Yesterday, the Washington Wizards finished an emphatic sweep of the Toronto Raptors. Their offense averaged 113.7 points per 100 possessions in the series, according to Basketball-Reference, a full ten points better than their regular season mark. The Washington’s offense has been much maligned during the regular season, particularly the propensity of Bradley Beal and John Wall to settle for mid-range jumpshots and the encouragement of this strategy by Randy Wittman.

Given their dramatic improvement in this series against Toronto, it could be assumed that Beal and Wall have undergone a transformation in their shot selection.

The graph below, showing all players with at least 100 drives this season and 100 pull-up two-pointers[1. Both identified using SportVU player tracking statistics at NBA.com], is one way to illustrate the criticisms of the Wizards’ offense.

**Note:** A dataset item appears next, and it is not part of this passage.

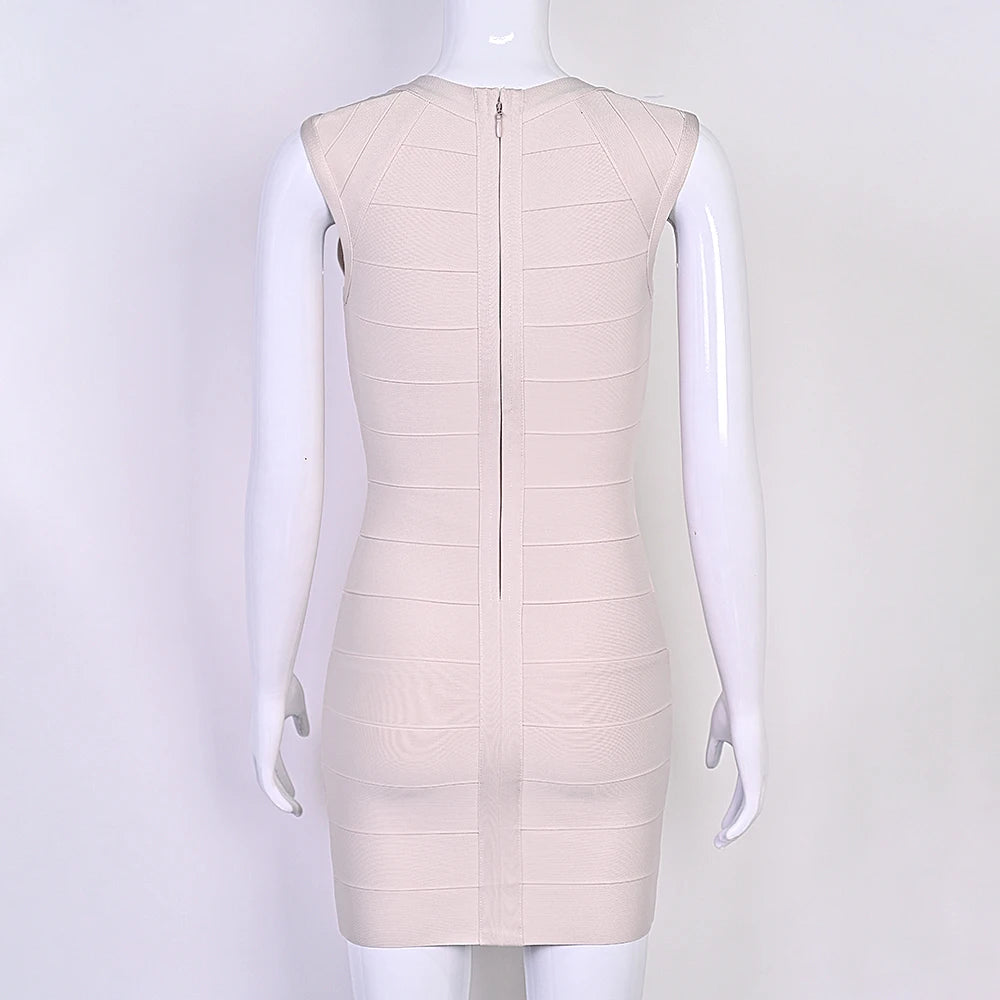 BEAUKEY Luxury Sexy Plunge V Bandage Dress Stripes Slim Bodyocn Mini Party Celebrity Evening Dress Elastic Knitted Vestidos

In theory, once a player dribbles inside the three-point line they have two choices—continue the drive into the basket area or stop and shoot. That’s a vast oversimplification. Not every foray inside the three-point line can turn into a drive all the way to the basket. A player could also pass before they reach the lane, so these two SportVU statistics are not perfectly capturing the options available to a player. However, this graph is illustrating that fundamental criticism—Wall and Beal have a tendency to settle for pull-up mid-range jumpers. Compared to the rest of their peers, they are far more likely to settle for a pull-up two pointer than take the ball into the lane. Most savvy defenses will encourage this for the reasons you’ll see below.

Beal and Wall are both dramatically more efficient when driving[1. Points per Drive is team points per drive, so it includes points created on assists by Beal and Wall after they’ve driven] as opposed to pulling up. That’s likely the case for almost every regular rotation player in the league. We have to acknowledge that simply driving into the lane is not plausible on every possession. Still, the ratio Beal and Wall have settled on is fairly out of whack with both the rest of the league and the ideally efficient distribution.

If we compare those regular season numbers to their performance against the Raptors, we can see where a big portion of the team’s improved efficiency has come from.

Beal was much more efficient in this series, particularly on drives, and drove the ball nearly twice as often, relative to his pull-up two-pointers. Wall was also much more efficient on drives and drove slightly more often. This doesn’t represent the entirety of that ten-point bump in team efficiency, but it’s a big piece.

The slope of the trend line in the first graph represents a ratio of roughly two drives for every one pull-up two-pointer—that would be the average across all players who are regularly capable of both plays. Even with the increase in their drives in this series, Wall and Beal would still be more tilted towards long two-pointers than the average. If Wall and Beal keep this up, perhaps pushing their individual balances even closer to the norm, the Eastern Conference playoff race could get a whole lot more complicated.